(Data records Opens)

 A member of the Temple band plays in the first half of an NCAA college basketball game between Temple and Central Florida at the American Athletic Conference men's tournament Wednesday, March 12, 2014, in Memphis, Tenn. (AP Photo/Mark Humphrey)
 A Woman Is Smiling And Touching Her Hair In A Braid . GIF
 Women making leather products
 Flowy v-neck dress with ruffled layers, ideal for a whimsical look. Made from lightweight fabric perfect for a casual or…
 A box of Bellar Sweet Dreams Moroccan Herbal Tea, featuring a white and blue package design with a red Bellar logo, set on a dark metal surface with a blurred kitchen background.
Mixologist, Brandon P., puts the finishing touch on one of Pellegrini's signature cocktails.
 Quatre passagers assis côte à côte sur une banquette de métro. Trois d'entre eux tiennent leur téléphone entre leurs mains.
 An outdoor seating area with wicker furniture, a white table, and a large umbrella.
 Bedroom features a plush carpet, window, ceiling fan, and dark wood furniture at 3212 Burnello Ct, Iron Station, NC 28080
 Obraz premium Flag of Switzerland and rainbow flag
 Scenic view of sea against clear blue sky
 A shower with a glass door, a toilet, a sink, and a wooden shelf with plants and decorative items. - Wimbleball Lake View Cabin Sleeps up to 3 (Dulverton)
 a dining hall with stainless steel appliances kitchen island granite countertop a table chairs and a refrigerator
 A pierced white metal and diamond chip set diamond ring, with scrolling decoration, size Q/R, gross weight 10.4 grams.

(Data records Closes)
(Data records Opens)

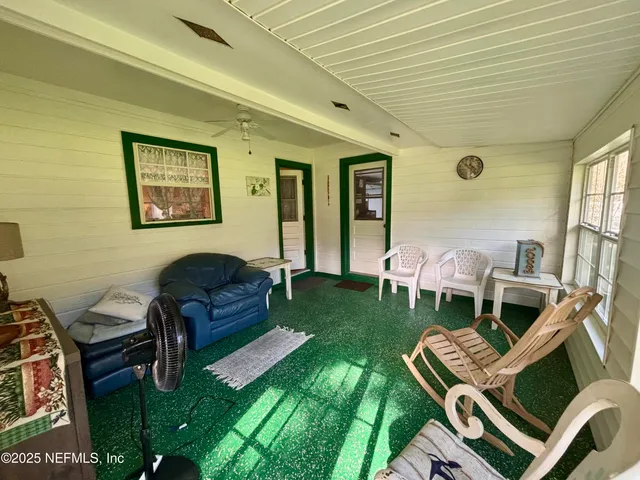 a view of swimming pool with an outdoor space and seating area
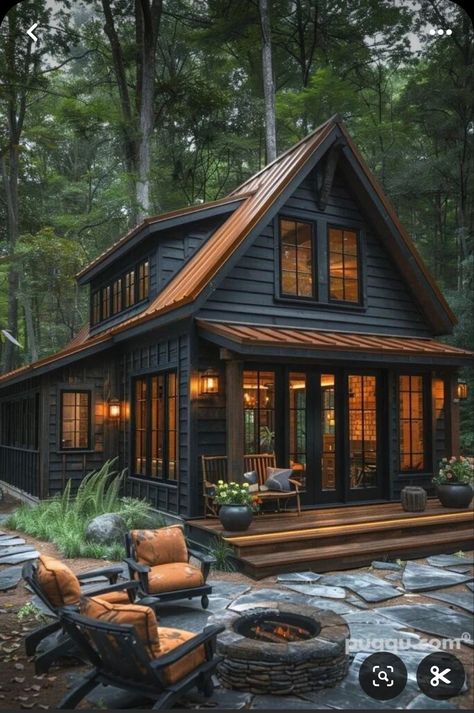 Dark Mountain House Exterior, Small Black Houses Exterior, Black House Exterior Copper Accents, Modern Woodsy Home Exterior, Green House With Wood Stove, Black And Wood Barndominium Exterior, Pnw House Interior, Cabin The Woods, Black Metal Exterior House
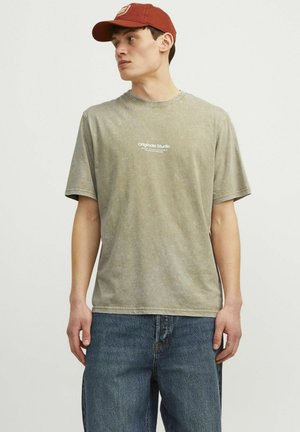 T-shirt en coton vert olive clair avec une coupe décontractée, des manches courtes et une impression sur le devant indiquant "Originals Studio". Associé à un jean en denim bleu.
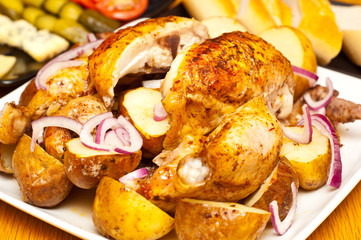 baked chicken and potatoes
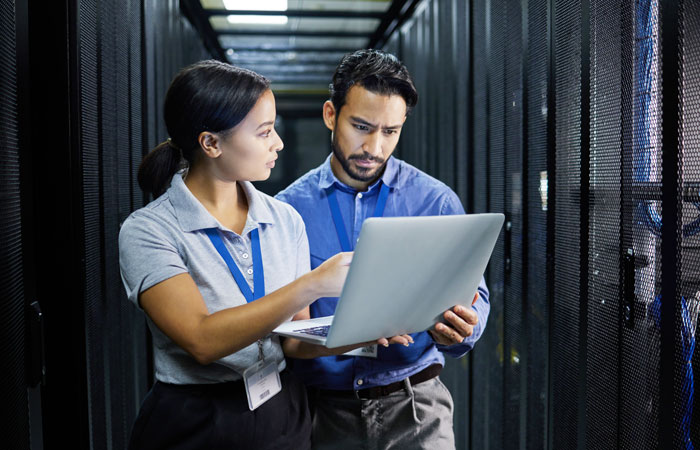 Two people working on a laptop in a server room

(Data records Closes)
(Data records Opens)

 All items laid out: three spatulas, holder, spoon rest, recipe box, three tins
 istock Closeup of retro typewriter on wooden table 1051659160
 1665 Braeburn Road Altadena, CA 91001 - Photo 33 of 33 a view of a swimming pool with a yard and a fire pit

(Data records Closes)

=== Required work ===
Word for word, restate the lines of the listing above starting at the line with "Flowy v-neck dress" and ending at the line with "An outdoor seating", and nothing outside them.

=== Result ===
 Flowy v-neck dress with ruffled layers, ideal for a whimsical look. Made from lightweight fabric perfect for a casual or…
 A box of Bellar Sweet Dreams Moroccan Herbal Tea, featuring a white and blue package design with a red Bellar logo, set on a dark metal surface with a blurred kitchen background.
Mixologist, Brandon P., puts the finishing touch on one of Pellegrini's signature cocktails.
 Quatre passagers assis côte à côte sur une banquette de métro. Trois d'entre eux tiennent leur téléphone entre leurs mains.
 An outdoor seating area with wicker furniture, a white table, and a large umbrella.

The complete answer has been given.